AWS Glacier is Amazon’s secure, durable, and extremely low-cost cloud storage service for data archiving and long-term backup. It’s durability is 99.999999999% and with a price starting at $0.004 per GB per month, it’s suitable to store large amounts of data for a longer period.
You will access Glacier most of the times through the API that’s implemented in an existing backup/archiving tool. Glacier management options in the AWS Console/GUI are pretty limited, and actually reduced to creating/deleting vaults, settings permissions, notifications and tags.
When I tried to delete a vault that wasn’t used anymore I ran in the following error: “Error deleting vault. Vault not empty or recently written to: arn:aws:glacier:eu-central-1:XYZ:VAULT01”.
Apparently this vault was not empty and still some archives (files) exist in the vault. It’s quite obvious I had to delete these archives, but if the original backup/archive solution isn’t connected anymore to the vault you will have a challenge.
You have four options if you want to delete (an) archive(s) from a vault:
- Deleting an Archive in Amazon Glacier Using the AWS SDK for Java
- Deleting an Archive in Amazon Glacier Using the AWS SDK for .NET
- Deleting an Archive Using the REST API
- Deleting an Archive in Amazon Glacier Using the AWS Glacier Command Line Interface (CLI).
Option 1, 2 and 3 are used in your backup/archiving application. You can use Freeze as a Glacier browser and use this solution to delete archives from Glacier.

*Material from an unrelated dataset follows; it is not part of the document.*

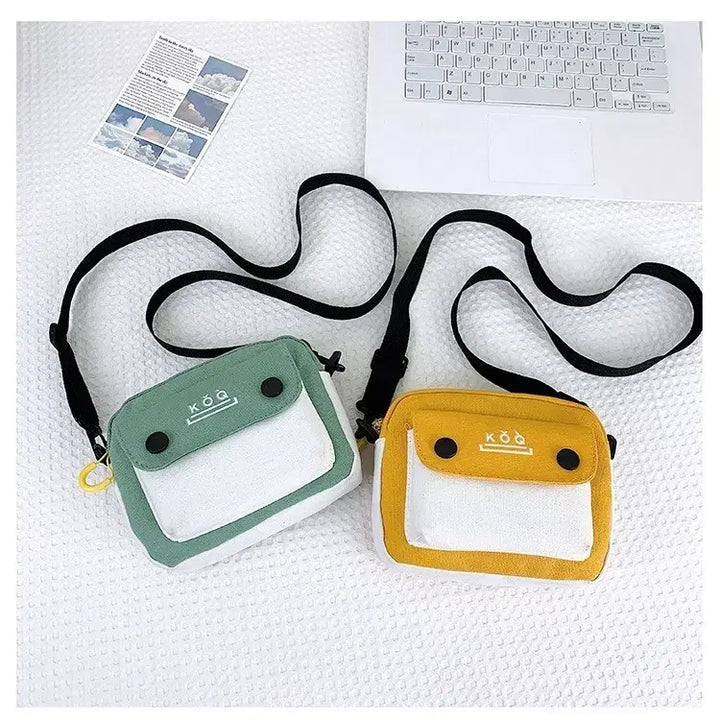 [BUNJANG] Mini Canvas Crossbody Bag (Yellow/Green) / 미니 크로스백  가벼운캔버스 학생데일리 가방 (옐로우/그린)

In this article I will show you how to delete archives through the CLI (which is not very intuitive).
Installing the AWS CLI
Before you can the AWS CLI you have to install it. Things depend a bit on which OS you’re running, for MacOS the steps are:
- Download and install python 3.6
- Download and install pip
$ curl -O https://bootstrap.pypa.io/get-pip.py $ python3 get-pip.py --user
- Install awscli
$ pip3 install awscli --upgrade --user
- Add the AWS command to your path
You can use the AWS CLI by simply typing aws in the terminal/command line. First step is to configure a connection to AWS for the CLI. Create a new programmatic access user for this, and make a note of the access key ID and secret access key. Now run:
aws configure
Using the Glacier AWS CLI
After you’ve completed the previous steps, let’s start with the Glacier stuff. First do an inventory retrieval to get more info on what’s on Glacier.

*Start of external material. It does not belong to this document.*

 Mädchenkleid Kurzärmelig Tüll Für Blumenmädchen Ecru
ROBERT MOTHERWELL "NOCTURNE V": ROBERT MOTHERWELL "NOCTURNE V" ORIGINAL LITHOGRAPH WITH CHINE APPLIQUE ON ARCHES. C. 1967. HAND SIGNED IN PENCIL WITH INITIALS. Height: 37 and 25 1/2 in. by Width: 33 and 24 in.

aws glacier initiate-job --account-id - --vault-name VAULT01 --job-parameters '{"Type": "inventory-retrieval"}'
This command will return a location and jobId variable. It can take a couple of hours before the command completes, this has to do with how Glacier works. Check the progress of the command with:
aws glacier list-jobs --account-id - --vault-name VAULT01
You will get info on the progress in JSON format:
{ "JobList": [ { "JobId": "akjhihgkh89MBNKHJKW92aLKJYXtNQCQRBI8nERD-7QR4FhVlMYgyqlsczhnXJC", "Action": "InventoryRetrieval", "VaultARN": "arn:aws:glacier:eu-central-1:123467890:vaults/VAULT01", "CreationDate": "2018-02-18T14:44:26.339Z", "Completed": false, "StatusCode": "InProgress", "InventoryRetrievalParameters": { "Format": "JSON" } } ] }
Wait until the StatusCode changes to “Completed”, now it’s time to retrieve the output of the command:
aws glacier get-job-output --account-id - --vault-name VAULT01 --job-id XYZ123 output.json
The output.json contains a list of all the archives (files) that are in your Glacier vault. You can use your favourite text editor to view and analyse the file, for example Textwrangler in combination with a JSON text filter.

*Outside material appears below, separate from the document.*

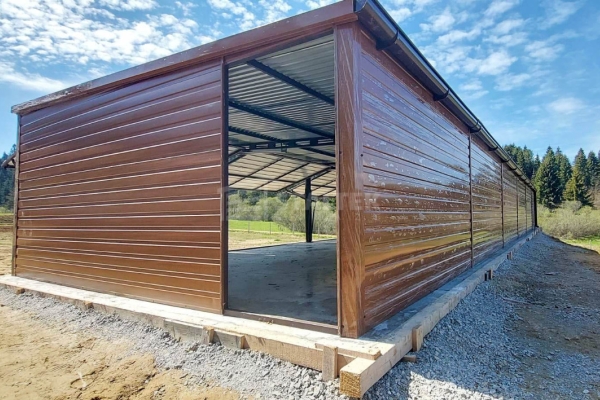 Ogłoszenie - Garaż blaszany 18x5m – 6x brama uchylna – 2x drzwi - rynna - drewnopodobny - spad w tył ST234. Zdjęcie 7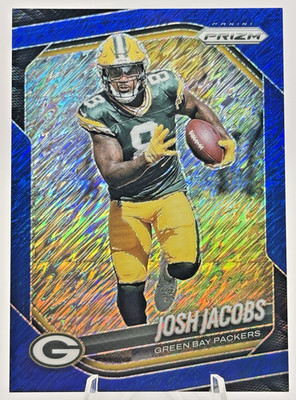 Josh Jacobs 2025 Panini Prizm #188 Blue Shimmer /35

So, now it’s time to delete a few archives. The command for this is:
aws glacier delete-archive --account-id - --vault-name VAULT01 --archive-id "n7XzcNhdl0QMBK3G-Y3F8pLst9oqIlwafsdfsdfsdfsdfGhSL2CpNL2_3yYlgu1Cc-riLJIHVFkRLpnx0WTakjflndsflnaMpgDj0kw"
That’s it :).
But, wait….if I have a lot files to delete? Well I ran into the glacier-vault-remove script that will help you. The script leverages the boto3 which is a Python SDK for AWS.
That’s it, hope this was helpful!
6 Comments
Brian
It doesn’t work here’s why because I copied and pasted you have a misspelling for account-id see below I copied and pasted your cli.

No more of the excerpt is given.